Judge Wood, however, chose not to examine the registration requirement carefully. Instead, after quoting the above paragaph from Heller, she blithely declared: “Thus, even if we are wrong about incorporation, the Cicero ordinance, which leaves law-abiding citizens free to possess guns, appears to be consistent with the ruling in Heller.” Her apparent rule seems to be that every restriction short of prohibition is acceptable; the Wood rule is contrary to the Court’s entire jurisprudence on enumerated and unenumerated rights.
Although Heller did not articulate a formal standard of review, Heller at least stands for the proposition that the Second Amendment right is protected by more than the mere rational basis test. Accordingly, Judge Wood should have conducted some inquiry as to what interest the Cicero government had in the registration ordinance; simply compiling a list of people who exercise their constitutional rights could hardly be a legitimate government interest, let alone an important one. Second, if she found a constitutionally-sufficient government interest, then she should have examined whether the registration requirement were sufficiently connected to that interest.
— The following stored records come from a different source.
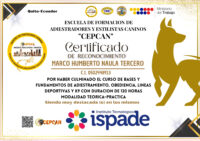 Naula Tercero Marco Humberto-0502448913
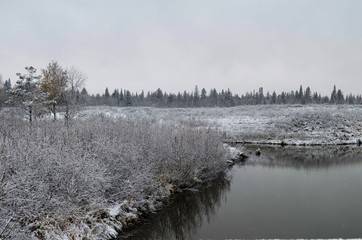 Первый снег на реке в октябре, деревья в снегу, природа Сибири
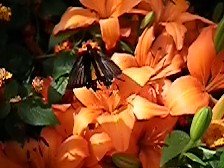 Butterfly VIDEO, 480 Frames Per Second, Fuji HS10, Insectarium, Montreal April 2010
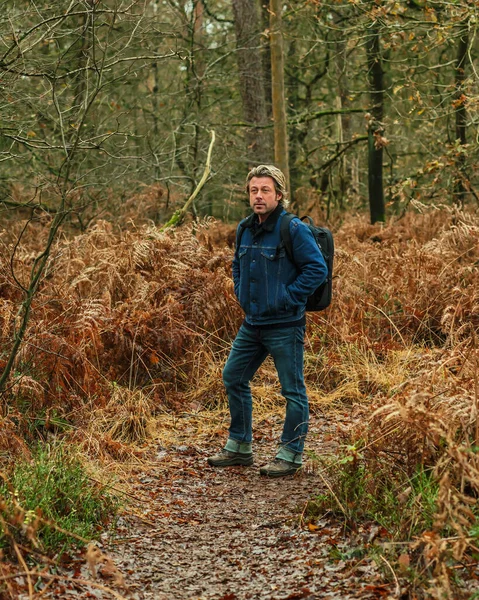 Sonbahar ormanlarında sırt çantalı bir adam..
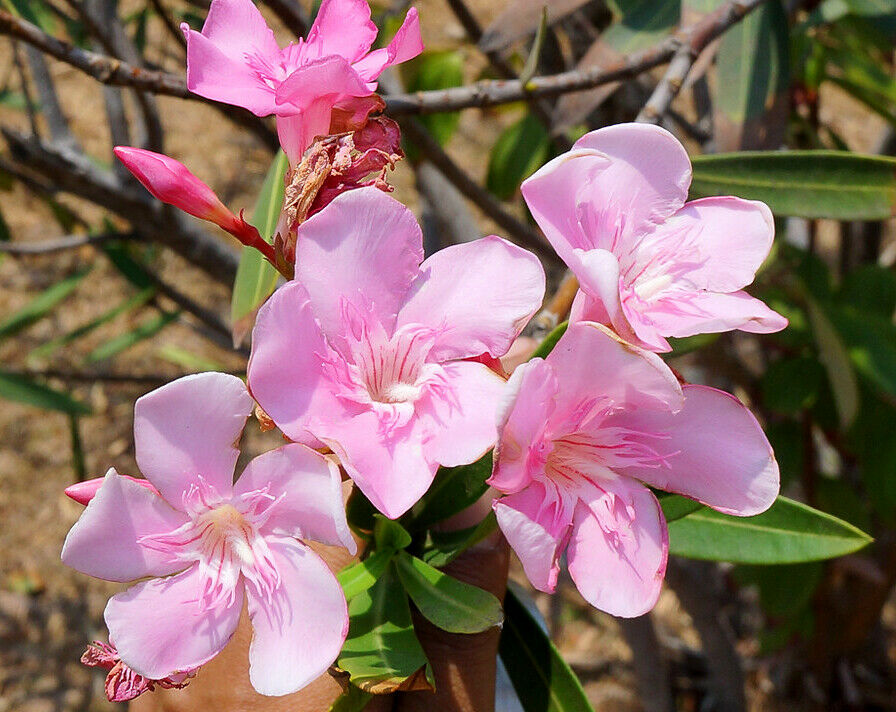 Light Pink Oleander Nerium oleander 20 Seeds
Of course conducting the above inquiry is made more difficult by the absence of Supreme Court guidance about whether to use strict scrutiny, deferential strict scrutiny, intermediate scrutiny, “exceedingly persuasive justification” intermediate scrutiny, or some other test. Thus, Judge Wood would have been fully justified in deciding the case purely on incorporation, and leaving registration for another day, should the Supreme Court choose to incorporate the Second Amendment.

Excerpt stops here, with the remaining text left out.